The letter, written on August 9th, emphasized the repeated human rights violations taking place in the Tibetan Autonomous Region (TAR) and in other Tibetan areas of China: Specifically, politicized trials of Monks and political activists, sharp restrictions on religious freedom and control of monasteries by ‘reeducation teams' and an increasing and very visible security presence in cities and towns.
They urged that the United States should increase, ‘' diplomatic and international pressure on the Chinese government to reverse the [ongoing] crisis in Tibet''. They particularly emphasized the Chinese authority's policy of expelling ethnic Tibetans from Lhasa, enforced in June of this year. Despite the fact that they had official permission to live there- a reference to the expulsion from Lhasa of Tibetans from eastern regions after two prominent self-immolations in the city.

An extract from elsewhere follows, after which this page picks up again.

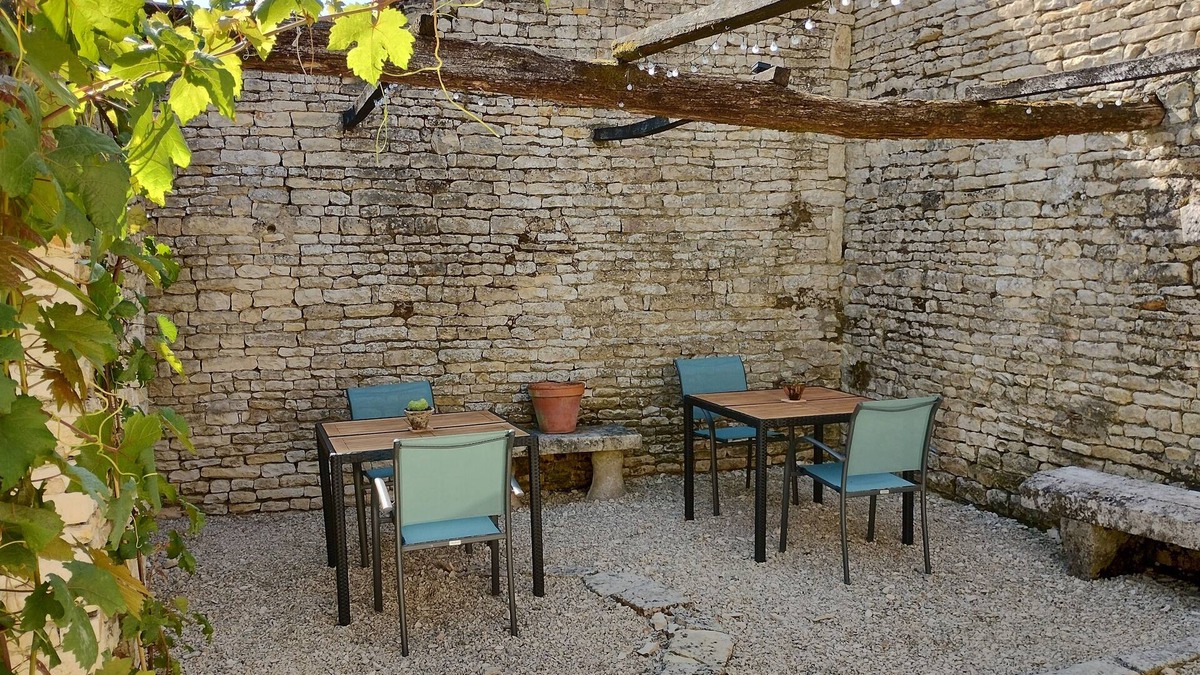 Aubigne Bed & Breakfast | L ancien Cafe - Luxury Suites and Gites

The congressmen also mentioned the self-immolations currently taking place (48 in the last few years, now thought to be the largest self-immolation campaign in history), and the resultant despair of the Tibetan people, a despair which is inherent in such an act.
As a way of alleviating Tibetans suffering, bringing much needed attention to the Tibetan cause, and pressurizing China to alter its policies, they propose that the U.S. should take the lead and host an international conference on Tibet, capitalizing on Germany, Canada, and other European countries interest and concern regarding China's regime in Tibet.
In conclusion, they wrote: ‘'It is important that the U.S. demonstrate that it is not deaf to the appeals for help and support emanating from Tibetans. We urge you [secretary of state Hilary Clinton] to work with partner nations and establish a contact group on Tibet to carry out strong, visible public diplomacy on this human crisis''.